War Is a Force That Gives us Meaning

 

 

 

"Some of the biggest men in the U.S. in the fields of commerce and manufacturing know that there is a power so organized, so subtle, so complete, so pervasive that they had better not speak above their breath when they speak in condemnation of it. " "

 

Woodrow Wilson

 

 

"Men in a democratic or constitutional state are even worse off than those in a despotic one, because while the latter may be free even in the midst of violence, the former are slaves who accept the legality of the violence done to them."

Tolstoy

 

"There are many causes of war. Among these are the desire for power, the struggle for economic advantage, the desire to promote an ideology, revenge for real or imagined wrongs, and protection against encroachment on one's rights.
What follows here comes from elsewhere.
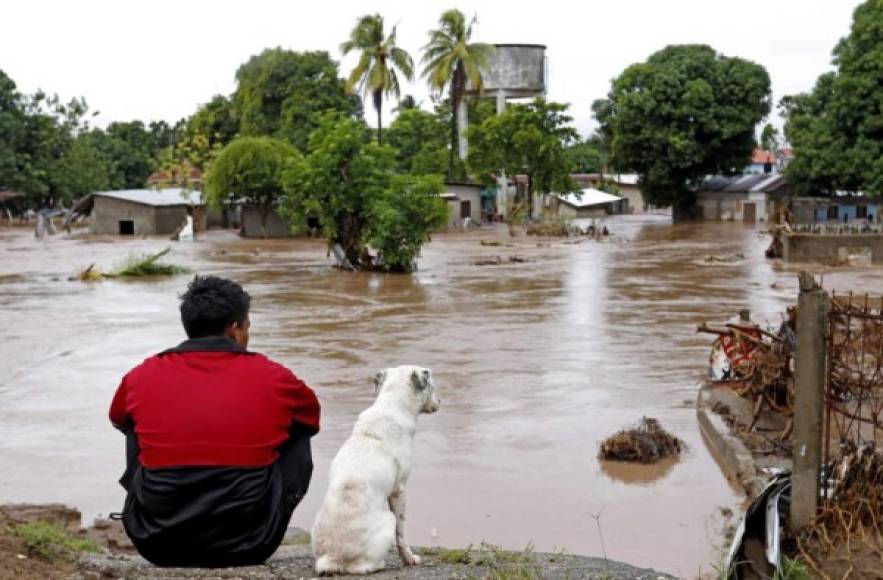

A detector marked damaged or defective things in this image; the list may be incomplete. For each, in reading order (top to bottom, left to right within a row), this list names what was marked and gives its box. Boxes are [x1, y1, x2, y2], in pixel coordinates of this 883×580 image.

rusty fence post [796, 274, 828, 532]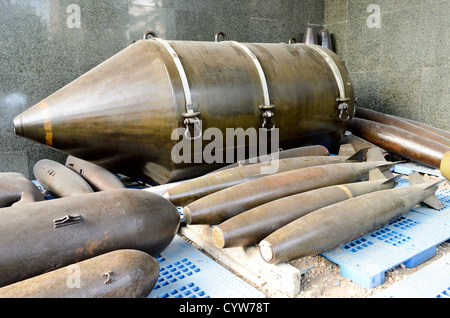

One recurring cause, which peaceful-minded men should not forget, is that there are evil men in the world who wish to dominate their neighbors and to use them essentially as slaves for their own aggrandizement. Unless the rest of the world is supinely to accept their domination these men must be stopped. To gain their purposes such men do not hesitate to use whatever force may be effective. The tragic experience of history has shown that only when such tyrants can be met with greater force is it possible to block their ambition.

Arthur Holly Compton

Atomic Quest 1956

Oxford University Press

 

"The power to dominate and destroy through the sharp blade gradually supplants the view of power as the capacity to support and nurture life. For not only was the evolution of the earlier partnership civilizations truncated by armed conquests; those societies that were not simply wiped out were now also radically changed.

   Now everywhere the men with the greatest power to destroy-the physically strongest, most insensitive , most brutal-rise to the top, as everywhere the social structure becomes more hierarchic and authoritarian. Women....are now gradually reduced to the status they are to hold hereafter: male-controlled technologies of production and reproduction.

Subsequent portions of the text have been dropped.